I'll have grounds / More relative than this --the play's the thing/ Wherein I'll catch the conscience of the King. (Hamlet II. ii, 603-605)



Does the Age of Trump demand that a few of us imitate Hamlet and try to catch the conscience of a person who devotes his life to sound and fury?  Yes. And Martin Luther King, Jr. Day 2018 is as good a time as any to do so.



                Elsewhere I have suggested that we have a conversation with David Walker and Ida B. Wells, so that we will better understand what we may choose to celebrate on January 15, 2018.  The conversation can prevent our becoming drunk and stupid with hope for things that shall never come to be.  The conscience of the President cannot be caught.  One can't catch what apparently does not exist.  While I respect our need to remember and honor the sacrifices of Dr. King and local people fifty years ago, I find that meaningful work and critical thought  wherever we live is better than yet another celebration.  Since the death of Dr.

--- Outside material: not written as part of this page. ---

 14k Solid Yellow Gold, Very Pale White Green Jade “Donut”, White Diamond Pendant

King, change in our nation has been cosmetic.  The horrors of system and the systemic that we knew in 1968 are yet with us.

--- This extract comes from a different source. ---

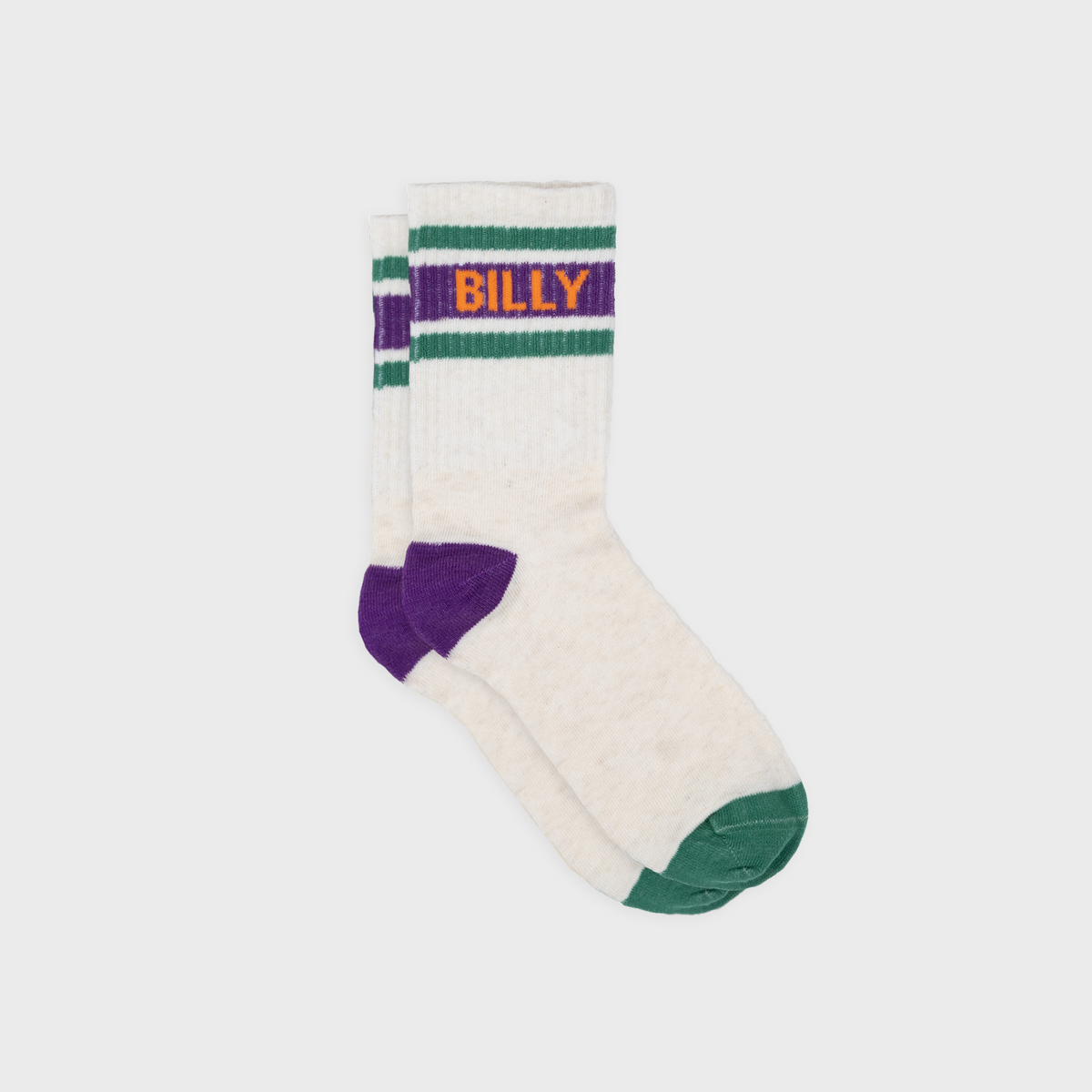 Chaussettes tennis - Ecru, rayé violet et vert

                Consider that celebration is related to an idea Thomas Carlyle had when he lectured on heroes and hero-worship and the hero in history on May 5, 1840:



Some spectators have a short way of accounting for the Pagan religion: mere quackery, priestcraft, and dupery, say they; no sane man ever did believe it, ----merely contrived to persuade other men, not worthy of the name of sane to believe it!  It will be often our duty to protest against this sort of hypothesis about men's doing and history; and I here, on the very threshold, protest against it in reference to Paganism and to all other isms by which man has ever for a length of time striven to walk in this world.  They have all had a truth in them, or men would not have taken them up.



After finding one's way out of the maze of Carlyle's Victorian prose, one may have a surer understanding of from what quackery, priestcraft, and dupery in contemporary American life comes.  It comes from the mindlessness of the hero-worship ( intense admiration) Carlyle spoke of 178 years ago, a habit still championed by his many ideological heirs, our fellow-citizens who adamantly refuse to see the monstrous difference between dramatic celebrations and quintessential necessity of keeping it real.



I am not Hamlet, nor was meant to be.  I heed the warnings of David Walker, Ida B. Wells and hundreds of ancestral spirits who chant on January 15, 2018: BE WARY AND BEWARE OF THOSE WHO WEAR A LION'S MANE FOR HAIR.